“Can creative writing be taught?”
It’s a question that many aspiring writers have asked, and this is the question that Francine Prose addresses in her book, “Reading Like a Writer.”
Prose, from the very beginning, answers a resounding “no” to that question. But Prose still provides hope in her book. Prose’s book is not a step-by-step guide to amazing writing, but a portal to a different way of looking at literature. She recognizes the classes not as old dusty masterworks, but as live examples of good writing that have stood the test of time.

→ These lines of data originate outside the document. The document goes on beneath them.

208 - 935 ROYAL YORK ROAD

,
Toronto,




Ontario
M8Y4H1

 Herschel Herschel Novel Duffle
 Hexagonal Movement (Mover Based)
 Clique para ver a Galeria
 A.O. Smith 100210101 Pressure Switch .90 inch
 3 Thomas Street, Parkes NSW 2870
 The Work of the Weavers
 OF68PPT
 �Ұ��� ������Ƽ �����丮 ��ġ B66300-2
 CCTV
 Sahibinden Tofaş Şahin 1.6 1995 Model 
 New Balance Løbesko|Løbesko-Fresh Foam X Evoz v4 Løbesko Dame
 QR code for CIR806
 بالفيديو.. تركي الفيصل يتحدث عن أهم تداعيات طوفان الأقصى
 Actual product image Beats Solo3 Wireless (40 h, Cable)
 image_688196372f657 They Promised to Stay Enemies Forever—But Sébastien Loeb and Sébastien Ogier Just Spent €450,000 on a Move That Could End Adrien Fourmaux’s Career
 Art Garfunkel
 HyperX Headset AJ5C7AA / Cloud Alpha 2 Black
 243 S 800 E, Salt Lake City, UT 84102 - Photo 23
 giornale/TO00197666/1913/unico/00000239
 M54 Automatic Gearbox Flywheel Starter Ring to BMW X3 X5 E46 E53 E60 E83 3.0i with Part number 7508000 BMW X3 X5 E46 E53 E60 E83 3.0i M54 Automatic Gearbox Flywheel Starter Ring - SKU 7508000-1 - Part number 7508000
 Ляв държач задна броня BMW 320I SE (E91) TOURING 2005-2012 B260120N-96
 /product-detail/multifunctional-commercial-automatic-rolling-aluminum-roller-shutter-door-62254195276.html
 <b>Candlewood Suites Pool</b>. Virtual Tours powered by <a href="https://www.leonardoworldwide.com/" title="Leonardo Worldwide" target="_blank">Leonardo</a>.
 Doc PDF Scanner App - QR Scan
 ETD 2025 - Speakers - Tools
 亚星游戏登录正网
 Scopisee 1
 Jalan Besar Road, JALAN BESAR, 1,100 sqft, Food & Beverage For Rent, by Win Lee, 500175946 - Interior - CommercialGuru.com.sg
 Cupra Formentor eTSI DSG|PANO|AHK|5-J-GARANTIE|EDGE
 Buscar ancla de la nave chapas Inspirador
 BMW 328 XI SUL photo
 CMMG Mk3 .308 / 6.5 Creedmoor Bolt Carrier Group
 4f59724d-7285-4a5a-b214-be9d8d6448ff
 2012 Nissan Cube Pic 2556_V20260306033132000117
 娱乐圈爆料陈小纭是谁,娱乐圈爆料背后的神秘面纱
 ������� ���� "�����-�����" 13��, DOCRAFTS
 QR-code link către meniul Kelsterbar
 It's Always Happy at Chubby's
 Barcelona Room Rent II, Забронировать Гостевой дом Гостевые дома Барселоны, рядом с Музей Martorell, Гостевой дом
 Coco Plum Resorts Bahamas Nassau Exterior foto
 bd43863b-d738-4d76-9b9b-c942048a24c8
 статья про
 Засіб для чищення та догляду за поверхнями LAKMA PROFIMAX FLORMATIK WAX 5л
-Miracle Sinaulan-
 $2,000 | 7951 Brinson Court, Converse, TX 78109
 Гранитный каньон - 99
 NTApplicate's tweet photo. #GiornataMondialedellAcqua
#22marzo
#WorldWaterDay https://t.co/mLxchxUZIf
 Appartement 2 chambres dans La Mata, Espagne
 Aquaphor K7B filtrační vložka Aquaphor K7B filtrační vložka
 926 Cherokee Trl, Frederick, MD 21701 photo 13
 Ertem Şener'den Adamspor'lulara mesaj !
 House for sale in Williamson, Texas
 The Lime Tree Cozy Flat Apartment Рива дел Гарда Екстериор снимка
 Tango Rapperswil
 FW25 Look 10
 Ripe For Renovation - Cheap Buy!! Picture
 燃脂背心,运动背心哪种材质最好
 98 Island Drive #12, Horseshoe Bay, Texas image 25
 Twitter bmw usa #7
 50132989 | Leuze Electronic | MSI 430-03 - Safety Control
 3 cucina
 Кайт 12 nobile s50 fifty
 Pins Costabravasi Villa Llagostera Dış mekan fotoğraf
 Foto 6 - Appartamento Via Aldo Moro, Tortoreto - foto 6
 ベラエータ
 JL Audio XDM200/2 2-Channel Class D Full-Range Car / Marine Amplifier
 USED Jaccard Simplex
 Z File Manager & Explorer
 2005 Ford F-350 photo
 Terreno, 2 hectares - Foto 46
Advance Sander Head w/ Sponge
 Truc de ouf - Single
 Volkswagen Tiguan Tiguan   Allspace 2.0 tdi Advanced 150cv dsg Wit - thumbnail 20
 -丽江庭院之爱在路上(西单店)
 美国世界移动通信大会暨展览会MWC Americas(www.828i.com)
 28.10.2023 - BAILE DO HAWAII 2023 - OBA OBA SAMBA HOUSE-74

“Reading Like a Writer” is divided into chapters devoted to aspects in a work of fiction, from the small things like words and sentences, to major driving ones like character and plot. Each chapter follows a similar scheme. Prose introduces a text, and then devotes several paragraphs analyzing it, depending on the topic of the chapter. Her analysis is like a surgeon’s scalpel, picking at the fine details of a passage. The depth of her explanations is sometimes too deep, and the reader may find the tone didactic at times, but nonetheless, Prose’s honest respect for good literature makes this book like an informative lecture from a teacher who clearly shows deep interest in what she is teaching. There is a clear flow of energy that the reader can feel through her literary discussions.
“Reading Like a Writer” features a wide variety of books. Some texts are from as far back as the 18th century, such as Jane Austen’s “Pride and Prejudice,” and some from current times, such as Jonathan Franzen’s “The Corrections.” Some writers are big names like Virginia Woolf, Fyodor Dostoevsky and Charles Dickens, and some are more obscure like Richard Yates and Henry Green. Prose shows the wealth that all literature has by analyzing the elements of works of all genres of fiction, from drama to horror, from historical fiction to mystery. There is even a list of must-read books for the reader to practice the keen discernment that Prose preaches.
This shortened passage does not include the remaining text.